Slope-As-Mediator (SAM) Mediation – Applications and Future Directions

In addition to contributing to the substantive literature on ERI, ERD, sleep and adolescent adjustment, the current study also make methodological contributions with the application of SAM models. Although we are the first to coin the term “slope-as-mediator” and “SAM” mediation, the concept is not new to the social and behavioral sciences. For example, intervention research is predicated on the idea that an intervention (the predictor variable) may change the relationship between two variables, which in turn, results in changes in the outcome. MacKinnon (2012) observed that mediator variables are often chosen precisely for their malleable nature. We extend this logic by suggesting that not only are meditators themselves malleable and subject to change, but that their relationships with other variables are also subject to change. It is precisely the change in the relationship between the mediator and its immediate outcome (i.e., the “co-mediator”), which results in a “co-mediated association” that becomes the target of the intervention. This approach contrasts the conventional mediation models or conditional mediation models that draw conclusions regarding a particular variable (compared to the association between variables) as the intervention target.

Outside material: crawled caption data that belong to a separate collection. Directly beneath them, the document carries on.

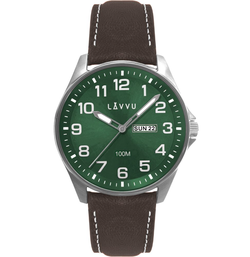 LAVVU Ocelové pánské hodinky BERGEN Green se svítícími čísly LWM0147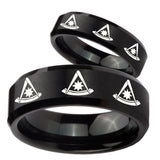 His Hers Multiple Pester Master Masonic Beveled Brush Black Tungsten Ring Set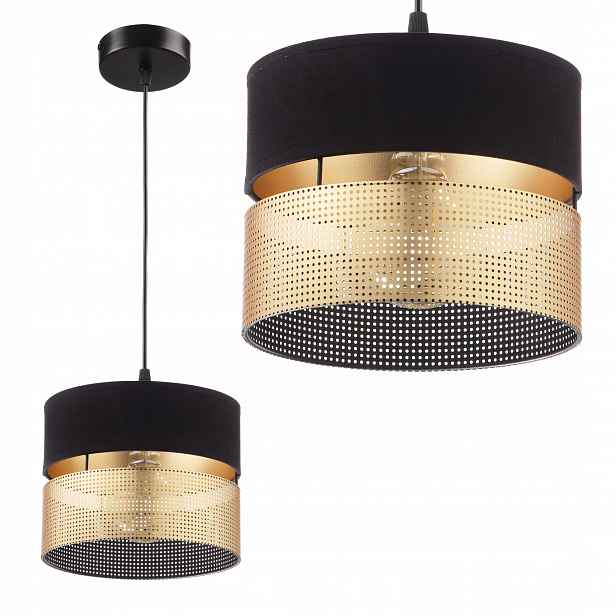 Závěsná Stropní Lampa S Otvory Zlatá E27 Led Černá Ažurová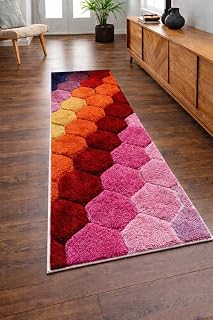 Naze Shaggy Carpet for Living Room Modern Geometric Rug Soft Thick Plush Area Rug | Home Floor Décor,Hall,Bed Room, 1.5X4 Feet (Box Multi 3D)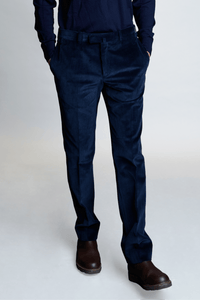 Pantalon Sorbonne en velours grosse côte marine - BERNARD ZINS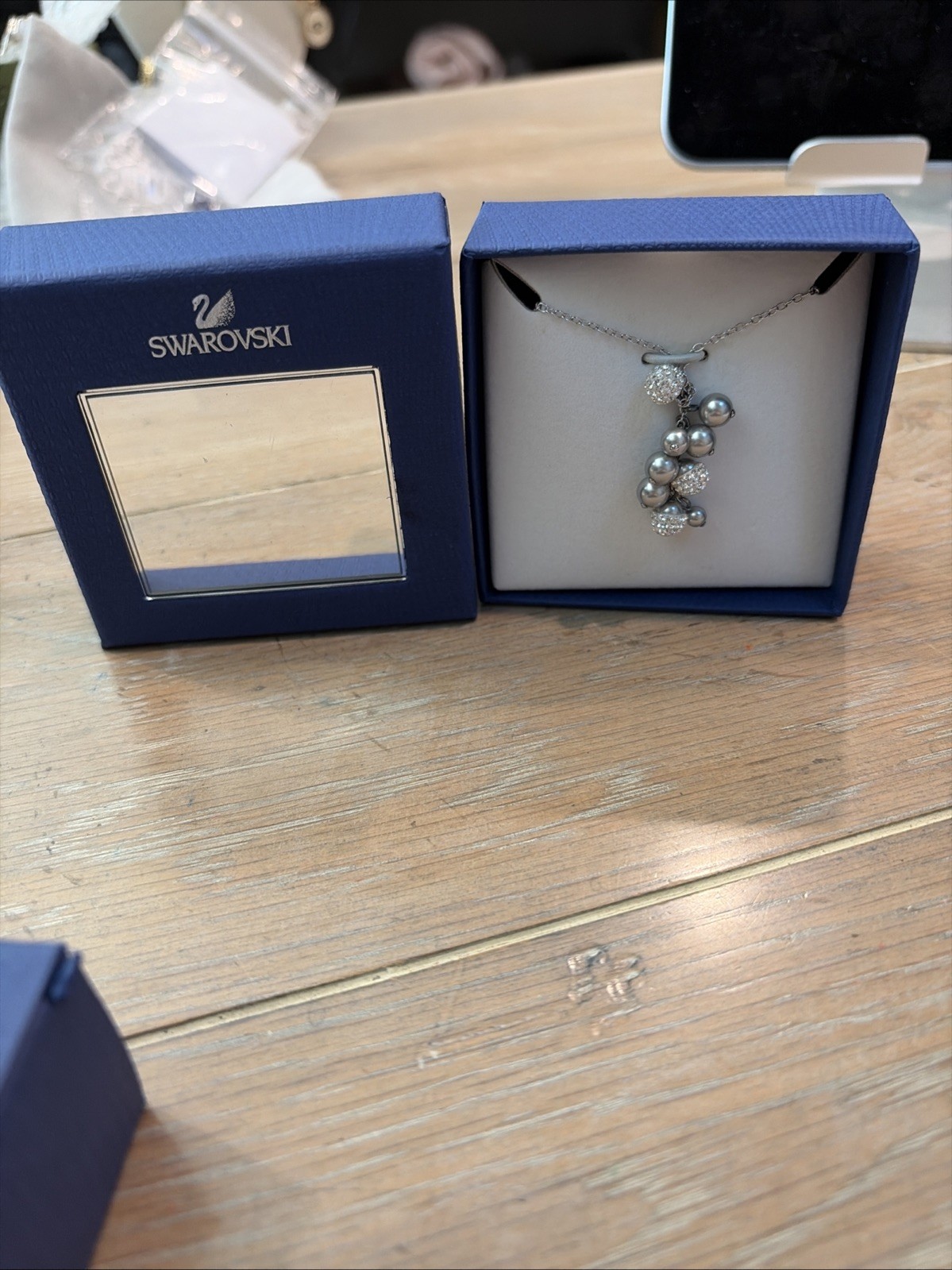 Authentic Swarovski Pave Crystal & Gray Pearl Cluster Pendant Necklace NIB $95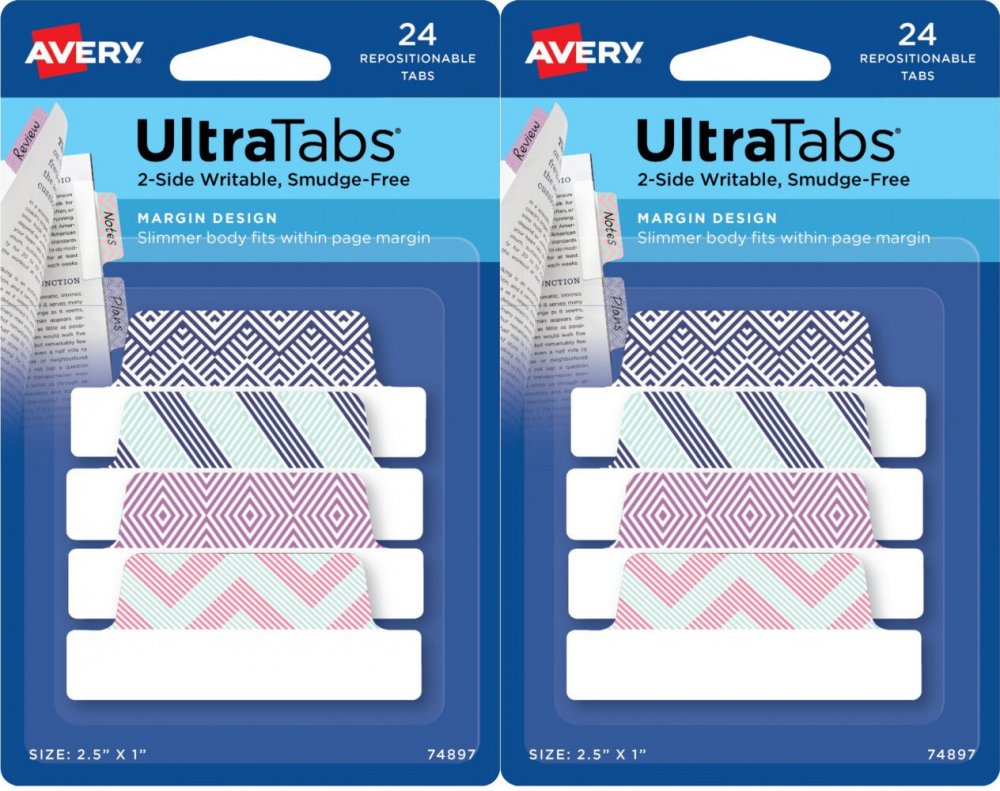 2x Zakładki samoprzylepne Avery Zweckform Ultra Tabs 74897, indeksujące ze wzorkami, folia, 65.5x25.4mm, 24 sztuki, mix kolorów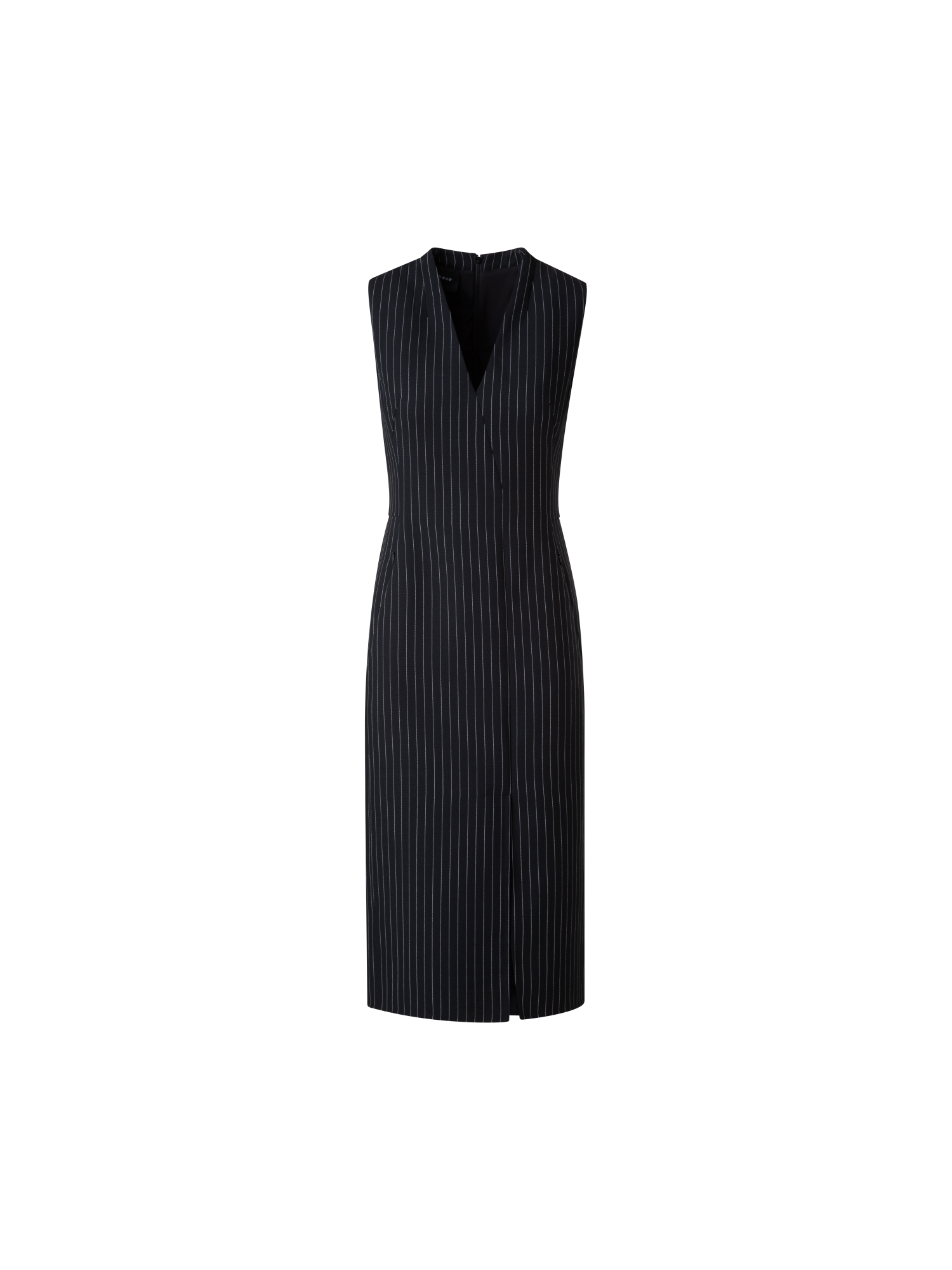 Designer Wool Double-Face Sheath Dress with Pinstripes - black
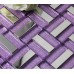 purple strip glass mosaic tile silver stainless steel backsplash metal tile shower wall designs KLGT627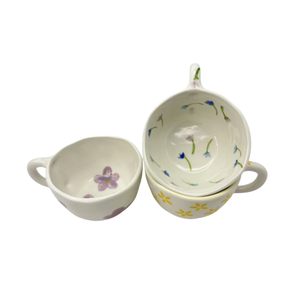 Tasse à thé en céramique de style japonais, motif pétale créatif, 8 oz, peinte à la main, design irrégulier, pour le thé de l'après-midi ou le café - Product Image 6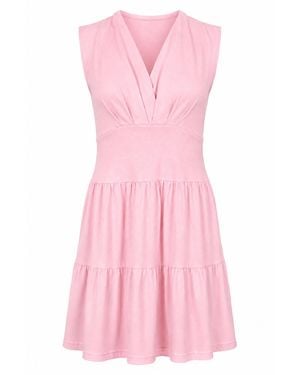 Conquista Tiered V-Neck Summer Dress - Pink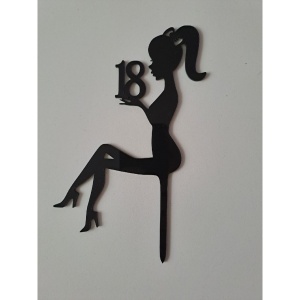 Decoratiune Topper pentru Tort, Flippy, Model Fata 18 Ani, Dimensiuni 16x11.5 cm, Tematica Majorat, Negru - Img 4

Although the current study makes significant advances in understanding the links between ERI, ERD, sleep, and adolescent adjustment, the study is not without limitations. First, the sample was collected in a large and diverse urban area where adolescents may be more prone to consider issues of ethnicity/race, identity, and discrimination (McMahon & Watts, 2002; Semons, 1991; Williams, Aiyer, Durkee, & Tolan, 2014). Second, research has found that sleep may be generally compromised in urban settings (Street et al., 2016), leaving open the question how these processes may be different for adolescents residing in non-urban areas. As well, the data here represent only the first year of an ongoing longitudinal study; therefore, it is imperative to explore how these associations are related over time and for older adolescents. The current study also did not consider cognitive functioning and academic outcomes which have been linked to ERI, ERD, and sleep (Benner et al., 2018; Brown & Chu, 2012; Buckhalt & Staton, 2011; Chavous et al., 2003; El-Sheikh, Buckhalt, Keller, Cummings, & Acebo, 2007; Philbrook et al., 2017), therefore, future research should consider outcomes beyond psychological adjustment. Finally, the current study focused on multiple indices of self-reported sleep, and adolescent research is increasingly touting the benefits of multiple indicators of sleep, including wrist actigraphy which provides more objective measures of sleep (Sadeh, 2008, 2011).

Despite the limitations, the current study makes important contributions to appreciating the role of ethnicity/race in the daily lives of adolescents who are tasked with forming an identity, coping with unfair treatment, and balancing the biological need for sleep with the social pressures of school and family. The current data suggest that the impact that discrimination has on adolescent sleep depends upon how much they have explored and committed to their ethnic/racial group; in turn, this association is associated with downstream psychological adjustment. The unique combination of a biopsychosocial approach is important for developmental scientists who wish to understand the synergy of multiple levels of influence on child and adolescent development. Embracing a more holistic approach to developmental influences on adolescent health not only provides a broader conceptualization of health and development, but also suggests new avenues for intervention and health promotion.